As for the company’s name, it refers to Maury’s 93-year-old friend Royce.
“She is the toughest and most brilliant person I know,” says Maury. “She moved to the city in the ’40s as a fashion designer. She is one of those epic New York women who only wears black. She sends emojis now too.”
Below, Maury shares her best advice for small business owners shopping for insurance.
1. Think ahead. “The truth is that everyone who runs their own business thinks that nothing bad will ever happen to them, but that is very not true,” says Maury. “It doesn’t even need to be a high limit, but everyone needs general liability because even as an Etsy store owner, for example, if you sell a faulty product and it ends up hurting someone, Etsy will not be held liable. You will.”
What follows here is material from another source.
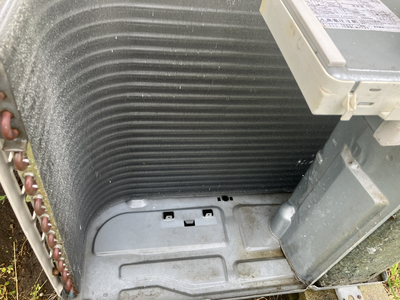 エアコン 室外機掃除 エアコン 室外機掃除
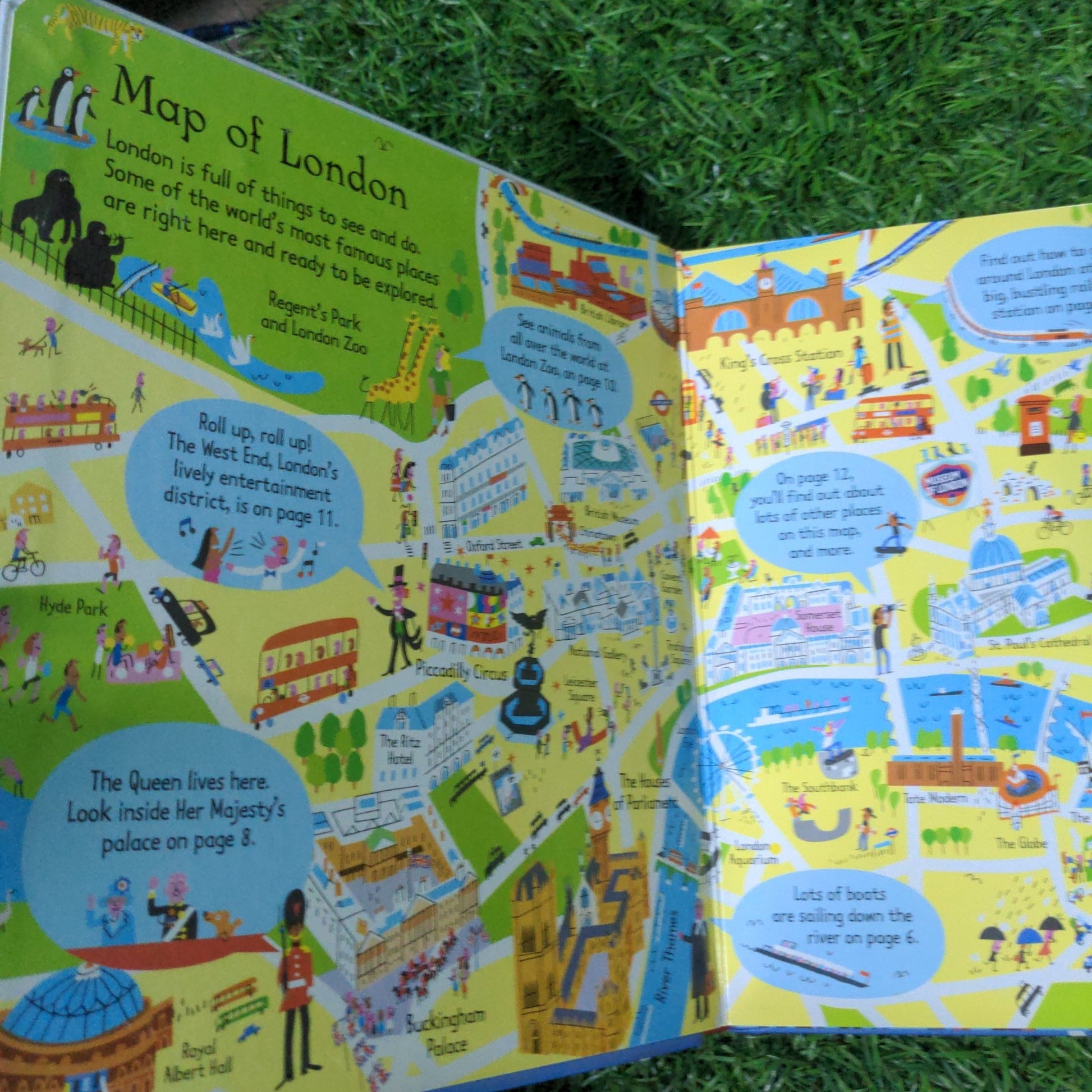 LOOK INSIDE: LONDON - New Flap Book - We Are Turners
2. Consider your employees. “You really do need some sort of corporate governance structure, even when you only have five to 10 employees,” says Maury. “A lot of small companies I’m seeing are making huge mistakes that are opening them up to employment practice liability problems. If you fire someone without putting them on a plan before you fire them, or you fire someone that was pregnant and you didn’t know they were pregnant, you can be really open to a lawsuit and get in big trouble.”
3. Talk to a broker. “For venture-backed companies—I know I meet a lot of them in WeWork—every time you go to raise a round, your venture capitalist is going to ask you to get directors and officers insurance,” says Maury. “General liability pretty much works across the board because it’s a very standard policy type. But for directors and officers, you need to actually talk to a broker, sit down with them, talk about your needs. Because depending on what kind of business you run, a policy could just not even react at all if something goes wrong with your company.”